Encounters with Jungian analysts: Carl Jung



Robert Johnson


Robert Johnson’s description of meetings with Carl Jung isn’t so much about an analysis, but rather about life-changing encounters. Johnson first met Jung in 1948 who immediately began to lecture Johnson, saying:

‘You have been claimed for an inner life … if you remain loyal to the inner world, it will take care of you. This is what you are good for in this life. I must tell you at the outset that you should never join anything’.

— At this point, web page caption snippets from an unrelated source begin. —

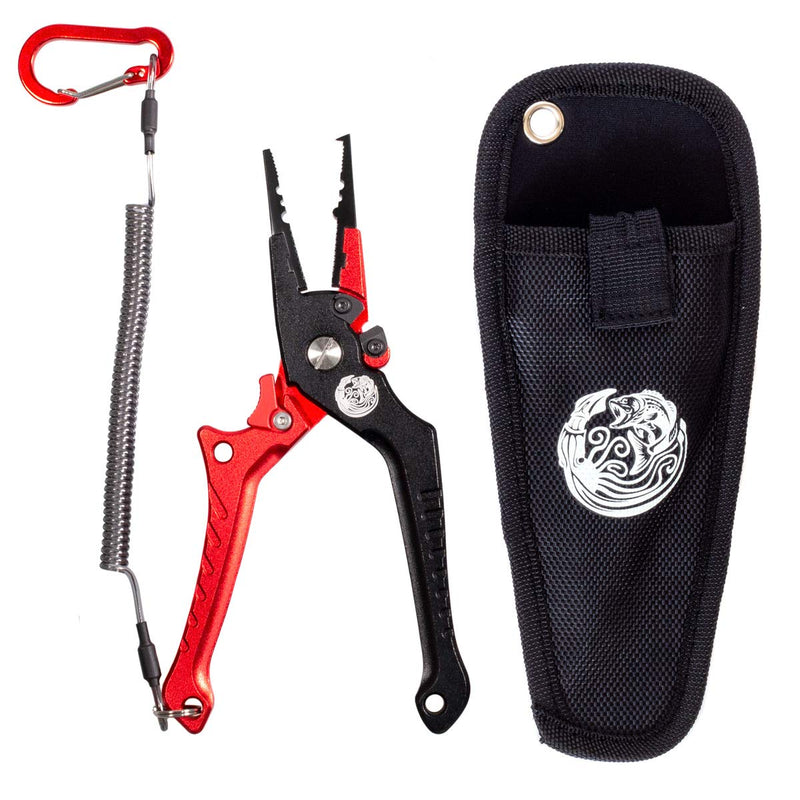 [Australia - AusPower] - Kraken Bass Fishing Pliers with Hook Sharpener Line Cutters, Split Ring Opener, Light Weight Aluminum, Waterproof, Sheath & Lanyard with Diamond Stone Fish Gear. 
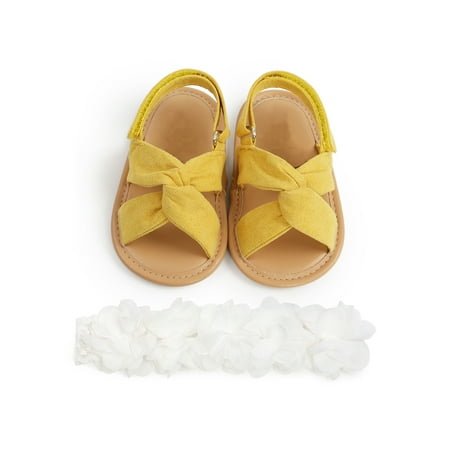 

Woobling Toddler Kids Sandals Cross Strap Flat Sandal Bowknot Crib Shoes Wedding Princess Shoe Lightweight First Walkers Non-Slip Yellow with Headband 5C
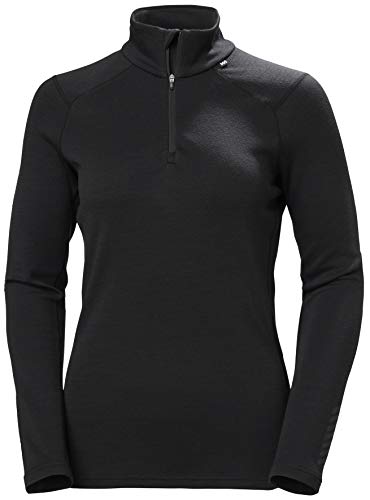 Helly Hansen Damen Merino Midweight 1/2 Zip Base Layer Top Langarm T Shirt, Schwarz, S EU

Johnson says he was in shock, he’d only been with Jung a few moments and was being told how to live his life – Jung made it clear that he wanted no interruptions. He continued that Johnson must learn to accept that whatever he needed would turn up for him: ‘Even if you never produce anything of social value, your relationship with the collective unconscious will justify your reason for being on the face of the earth.’

Johnson’s dream had been about four Buddhas and a snake, and whilst Jung seemed to read Johnson’s mind and his longing for community this was not the path for him – rather Johnson should never marry or join any organisations and be content to live most of his life alone. The outer dimensions of his life needed to be kept as modest as possible. Interestingly Johnson claims that he did not resent the lecturing as with Jacobi. Part of the dream had involved Johnson making a circle with his arm and then the snake began to talk – Jung analysed that this circle was a mandala meaning that Johnson could survive what might feel overwhelming by giving it form.

‘Dr Jung saw the potential in me as well as the dangers ahead. I remember sitting there thinking, “This man is just like me, except infinitely wiser. He understands me completely” … He was not like me at all, but he was capable of making me feel as if we were one mind.’

Jung thought that Johnson had no choice but to cope with the dream, he also saw that the young man was close to drowning in the collective unconscious. He encouraged him and gave advice about how to survive outside the mainstream: ‘In our short time together, he tried to teach me how to live close to the archetypal powers of the collective unconscious.’ Jung thought Johnson’s dream would take a lifetime to realize, and that his life would be difficult. Over and over, he repeated the same message, ‘If you never amount to anything in ordinary cultural terms, it doesn’t matter, simply to have taken part in this event of the collective unconscious is your contribution.’ Johnson found Jung almost clairvoyant and deeply intuitive.

Johnson adds though despite the assurances he then spent the next three decades running from the implications of the dream and trying to control his life, and make things go according to his will. He did not follow the advice during that time, but all Jung said turned out to be true – eventually involving a great transformation of consciousness.